The FBI uses many methods in its crusade against crime and, according to a few angry residents of cyberspace, one of those methods looks suspiciously like "spam."

In February, the FBI sent bulk e-mail, titled "Militants Call for Anti-U.S. Attacks Worldwide," to thousands of online addresses.

The missive warned that Islamic militants had issued "a religious decree calling on Muslims everywhere to attack U.S. citizens, facilities and allies of the U.S. around the world."

While it may have been considerate of the FBI to issue the warning, it left people like John Bolding, owner of a tiny software company in Tucson, wondering why he was one of its recipients.

A fanatical foe of spam, unwanted bulk e-mail, Bolding conducted an investigation of his own. He said he learned that the message had been sent to thousands of high-tech companies, even though they weren't terrorism targets.

Bolding said he was perplexed, then outraged. "They're using tax dollars to send out spam," said Bolding, who posted the FBI message on his company's Web site, at

FBI officials said the e-mail messages were simply a new wrinkle in a long-standing effort to raise awareness of terrorism by sending advisories to companies that want occasional updates.

The FBI assembled the e-mail list partly from various published directories, said Ron VanVranken, an FBI spokesman. He added that the agency received only two complaints and removed those addresses.

"We just want to protect Americans," said VanVranken. Bolding said he had his name taken off the list, although the agent he contacted asked him if his attempts to block the e-mail were part of "some kind of new un-American subversive activity."

So while Bolding still gets hundreds of spam messages each week, none of them is from the FBI, restoring normalcy to his relationship with the spy agency.

"Except there is a sedan parked out front with guys wearing trench coats," he said. "Just joking."

Hands Off

The Internet Council of Registrars, a nonprofit group of businesses hoping to make money by registering new domain names, has registered its distaste for the Clinton administration's plan for privatizing the Internet.

In fact, the group -- known as CORE -- objected to the federal government's mere presence in the debate over the future of Internet governance.

The U.S. government should "step aside quietly and allow the Internet Assigned Numbers Authority to become a private, nonprofit U.S. corporation managing the (domain name system) as it has for more than 15 years," said Alan Hanson, chairman of CORE's executive committee.
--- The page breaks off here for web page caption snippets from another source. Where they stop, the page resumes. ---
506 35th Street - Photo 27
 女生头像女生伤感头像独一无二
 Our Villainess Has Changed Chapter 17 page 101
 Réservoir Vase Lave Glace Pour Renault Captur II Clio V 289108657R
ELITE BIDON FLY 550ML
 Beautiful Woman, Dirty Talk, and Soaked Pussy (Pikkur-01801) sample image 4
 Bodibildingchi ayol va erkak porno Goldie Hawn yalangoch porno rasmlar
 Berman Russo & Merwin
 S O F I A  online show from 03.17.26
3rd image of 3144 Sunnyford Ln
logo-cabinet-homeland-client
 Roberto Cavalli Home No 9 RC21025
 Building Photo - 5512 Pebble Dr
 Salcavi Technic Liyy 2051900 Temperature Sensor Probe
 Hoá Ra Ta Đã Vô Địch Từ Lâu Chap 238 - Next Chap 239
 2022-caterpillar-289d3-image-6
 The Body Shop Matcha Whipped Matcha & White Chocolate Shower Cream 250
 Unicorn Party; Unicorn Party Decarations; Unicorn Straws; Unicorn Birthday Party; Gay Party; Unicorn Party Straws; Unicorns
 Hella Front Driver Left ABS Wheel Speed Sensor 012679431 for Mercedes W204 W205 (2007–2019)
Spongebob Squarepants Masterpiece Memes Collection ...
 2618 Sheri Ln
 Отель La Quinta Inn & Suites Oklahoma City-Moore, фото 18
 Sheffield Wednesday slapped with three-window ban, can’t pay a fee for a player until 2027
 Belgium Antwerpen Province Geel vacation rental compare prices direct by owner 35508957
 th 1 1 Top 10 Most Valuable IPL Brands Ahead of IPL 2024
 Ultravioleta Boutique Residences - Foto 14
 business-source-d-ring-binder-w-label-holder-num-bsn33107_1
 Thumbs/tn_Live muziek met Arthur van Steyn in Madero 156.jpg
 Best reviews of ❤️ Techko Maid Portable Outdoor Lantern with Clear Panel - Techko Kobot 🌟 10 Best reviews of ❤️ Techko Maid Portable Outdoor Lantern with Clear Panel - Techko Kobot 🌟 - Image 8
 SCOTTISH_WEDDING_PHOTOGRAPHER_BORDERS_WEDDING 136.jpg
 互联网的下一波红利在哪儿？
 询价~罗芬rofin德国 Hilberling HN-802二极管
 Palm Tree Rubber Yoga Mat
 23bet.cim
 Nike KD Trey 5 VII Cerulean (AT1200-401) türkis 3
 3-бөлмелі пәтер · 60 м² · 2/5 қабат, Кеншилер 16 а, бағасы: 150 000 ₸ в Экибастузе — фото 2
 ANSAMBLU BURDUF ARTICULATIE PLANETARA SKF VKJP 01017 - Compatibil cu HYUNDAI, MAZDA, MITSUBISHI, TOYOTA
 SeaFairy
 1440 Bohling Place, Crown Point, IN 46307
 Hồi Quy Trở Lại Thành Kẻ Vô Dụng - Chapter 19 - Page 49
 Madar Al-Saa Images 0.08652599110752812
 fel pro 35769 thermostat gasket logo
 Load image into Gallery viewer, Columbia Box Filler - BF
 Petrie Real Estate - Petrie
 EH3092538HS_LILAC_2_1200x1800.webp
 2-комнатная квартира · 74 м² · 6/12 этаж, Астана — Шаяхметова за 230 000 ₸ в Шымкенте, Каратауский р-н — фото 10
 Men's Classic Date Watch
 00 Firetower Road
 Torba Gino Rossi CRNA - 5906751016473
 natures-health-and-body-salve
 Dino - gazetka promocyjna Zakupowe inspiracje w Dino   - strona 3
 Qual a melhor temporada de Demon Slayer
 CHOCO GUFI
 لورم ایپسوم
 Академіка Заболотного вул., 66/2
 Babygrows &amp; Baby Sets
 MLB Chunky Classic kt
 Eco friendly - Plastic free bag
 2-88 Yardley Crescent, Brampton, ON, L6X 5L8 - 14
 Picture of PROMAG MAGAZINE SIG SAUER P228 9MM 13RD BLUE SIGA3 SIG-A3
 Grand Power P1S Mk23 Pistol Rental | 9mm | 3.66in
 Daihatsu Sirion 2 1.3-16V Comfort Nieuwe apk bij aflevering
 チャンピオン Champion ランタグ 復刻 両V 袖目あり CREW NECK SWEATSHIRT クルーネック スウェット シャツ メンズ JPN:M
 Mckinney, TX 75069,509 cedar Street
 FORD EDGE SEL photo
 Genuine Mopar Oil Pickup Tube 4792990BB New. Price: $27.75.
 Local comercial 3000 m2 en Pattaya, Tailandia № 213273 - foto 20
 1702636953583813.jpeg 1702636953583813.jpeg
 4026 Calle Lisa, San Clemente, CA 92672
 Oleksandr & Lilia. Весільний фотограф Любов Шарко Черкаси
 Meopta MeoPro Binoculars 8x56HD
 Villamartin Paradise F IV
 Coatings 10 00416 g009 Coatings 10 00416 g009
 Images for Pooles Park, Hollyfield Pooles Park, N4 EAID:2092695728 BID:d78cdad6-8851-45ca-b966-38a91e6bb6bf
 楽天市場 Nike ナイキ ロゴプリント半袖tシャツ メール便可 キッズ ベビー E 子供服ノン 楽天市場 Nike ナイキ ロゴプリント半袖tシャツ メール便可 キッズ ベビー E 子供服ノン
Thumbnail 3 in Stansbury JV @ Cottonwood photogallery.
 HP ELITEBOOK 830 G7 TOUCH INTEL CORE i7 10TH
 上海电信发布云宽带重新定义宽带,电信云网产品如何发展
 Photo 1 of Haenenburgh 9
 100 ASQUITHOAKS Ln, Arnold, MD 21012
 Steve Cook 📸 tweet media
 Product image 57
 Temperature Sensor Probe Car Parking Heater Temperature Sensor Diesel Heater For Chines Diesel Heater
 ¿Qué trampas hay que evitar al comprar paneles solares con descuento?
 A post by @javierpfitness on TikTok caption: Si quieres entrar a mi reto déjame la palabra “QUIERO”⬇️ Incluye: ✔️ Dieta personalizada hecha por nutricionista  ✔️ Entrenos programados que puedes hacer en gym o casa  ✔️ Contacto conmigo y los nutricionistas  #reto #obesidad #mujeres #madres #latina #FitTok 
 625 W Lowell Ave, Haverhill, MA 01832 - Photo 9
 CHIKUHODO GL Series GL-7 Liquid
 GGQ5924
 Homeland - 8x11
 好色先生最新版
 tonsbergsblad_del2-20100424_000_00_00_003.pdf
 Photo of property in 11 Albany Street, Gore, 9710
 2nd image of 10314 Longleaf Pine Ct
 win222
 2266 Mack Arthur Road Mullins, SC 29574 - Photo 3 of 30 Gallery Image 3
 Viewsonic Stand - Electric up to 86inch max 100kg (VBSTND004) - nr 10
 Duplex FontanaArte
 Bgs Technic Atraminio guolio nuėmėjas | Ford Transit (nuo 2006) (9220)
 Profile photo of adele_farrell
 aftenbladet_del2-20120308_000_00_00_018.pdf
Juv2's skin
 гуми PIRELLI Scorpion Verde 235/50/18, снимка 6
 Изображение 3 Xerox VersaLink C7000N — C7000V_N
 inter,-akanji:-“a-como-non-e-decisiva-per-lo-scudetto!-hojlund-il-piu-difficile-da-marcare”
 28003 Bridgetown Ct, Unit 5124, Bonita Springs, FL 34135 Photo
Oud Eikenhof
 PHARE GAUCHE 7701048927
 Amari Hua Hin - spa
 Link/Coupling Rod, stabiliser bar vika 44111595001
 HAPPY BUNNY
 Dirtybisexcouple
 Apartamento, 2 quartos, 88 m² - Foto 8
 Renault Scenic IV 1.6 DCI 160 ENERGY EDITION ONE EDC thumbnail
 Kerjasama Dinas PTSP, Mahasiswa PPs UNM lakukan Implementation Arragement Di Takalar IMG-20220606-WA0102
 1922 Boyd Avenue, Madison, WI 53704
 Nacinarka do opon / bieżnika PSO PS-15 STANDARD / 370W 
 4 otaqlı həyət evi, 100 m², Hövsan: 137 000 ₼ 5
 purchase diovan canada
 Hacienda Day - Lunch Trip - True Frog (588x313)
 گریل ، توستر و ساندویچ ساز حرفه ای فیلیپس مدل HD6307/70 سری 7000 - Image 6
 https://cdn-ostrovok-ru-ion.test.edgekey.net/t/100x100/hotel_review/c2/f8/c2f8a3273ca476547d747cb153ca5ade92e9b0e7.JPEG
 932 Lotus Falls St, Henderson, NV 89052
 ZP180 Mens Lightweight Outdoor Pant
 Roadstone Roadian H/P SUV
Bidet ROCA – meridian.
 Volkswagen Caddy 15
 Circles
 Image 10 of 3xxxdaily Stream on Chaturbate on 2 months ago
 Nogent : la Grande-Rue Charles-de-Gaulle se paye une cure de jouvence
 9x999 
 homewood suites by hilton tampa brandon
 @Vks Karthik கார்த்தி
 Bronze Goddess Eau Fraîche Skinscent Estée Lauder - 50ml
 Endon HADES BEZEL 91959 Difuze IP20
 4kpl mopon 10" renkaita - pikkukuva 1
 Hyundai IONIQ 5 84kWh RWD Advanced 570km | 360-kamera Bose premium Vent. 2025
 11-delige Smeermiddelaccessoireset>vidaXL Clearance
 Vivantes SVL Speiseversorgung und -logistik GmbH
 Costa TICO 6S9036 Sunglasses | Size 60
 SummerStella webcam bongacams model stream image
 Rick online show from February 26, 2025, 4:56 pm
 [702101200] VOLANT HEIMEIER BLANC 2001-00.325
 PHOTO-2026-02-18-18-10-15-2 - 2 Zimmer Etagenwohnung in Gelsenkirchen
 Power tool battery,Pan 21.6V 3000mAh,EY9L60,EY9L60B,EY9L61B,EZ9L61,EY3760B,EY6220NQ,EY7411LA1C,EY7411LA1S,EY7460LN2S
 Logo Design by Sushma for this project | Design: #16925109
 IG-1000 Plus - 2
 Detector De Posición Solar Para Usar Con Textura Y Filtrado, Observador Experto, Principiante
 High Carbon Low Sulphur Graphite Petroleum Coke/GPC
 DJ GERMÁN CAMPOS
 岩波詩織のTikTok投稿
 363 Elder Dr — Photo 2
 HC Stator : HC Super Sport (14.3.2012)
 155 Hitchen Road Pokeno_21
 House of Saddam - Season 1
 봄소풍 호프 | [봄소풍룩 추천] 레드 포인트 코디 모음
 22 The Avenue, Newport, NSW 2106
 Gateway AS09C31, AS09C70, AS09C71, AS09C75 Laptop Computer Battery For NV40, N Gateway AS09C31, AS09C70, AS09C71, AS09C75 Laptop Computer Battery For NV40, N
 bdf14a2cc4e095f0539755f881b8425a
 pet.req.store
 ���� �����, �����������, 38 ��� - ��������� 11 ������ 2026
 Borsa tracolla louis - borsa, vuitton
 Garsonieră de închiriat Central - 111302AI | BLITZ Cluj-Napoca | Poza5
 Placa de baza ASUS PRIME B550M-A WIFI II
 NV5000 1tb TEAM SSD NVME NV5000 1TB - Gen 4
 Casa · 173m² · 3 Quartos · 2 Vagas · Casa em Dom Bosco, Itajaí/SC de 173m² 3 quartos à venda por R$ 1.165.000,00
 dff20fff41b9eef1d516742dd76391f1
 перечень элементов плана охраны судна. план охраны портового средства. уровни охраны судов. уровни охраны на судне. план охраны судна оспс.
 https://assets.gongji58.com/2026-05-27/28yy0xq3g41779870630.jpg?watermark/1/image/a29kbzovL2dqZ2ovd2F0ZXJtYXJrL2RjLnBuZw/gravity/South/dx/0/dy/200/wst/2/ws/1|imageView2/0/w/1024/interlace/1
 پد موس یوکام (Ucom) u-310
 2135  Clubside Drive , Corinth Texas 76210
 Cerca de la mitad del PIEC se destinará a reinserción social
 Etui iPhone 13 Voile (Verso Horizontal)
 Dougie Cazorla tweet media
CORE evolved out of a multiyear effort on the part of the Internet Assigned Numbers Authority, the Internet Society and other online groups to change the network's focus from an academic to a commercial institution. The White House joined the debate two months ago with a report called the Green Paper.

The National Telecommunications and Infrastructure Administration in the Commerce Department is now reviewing comments about the Green Paper and is expected to issue a final report this year.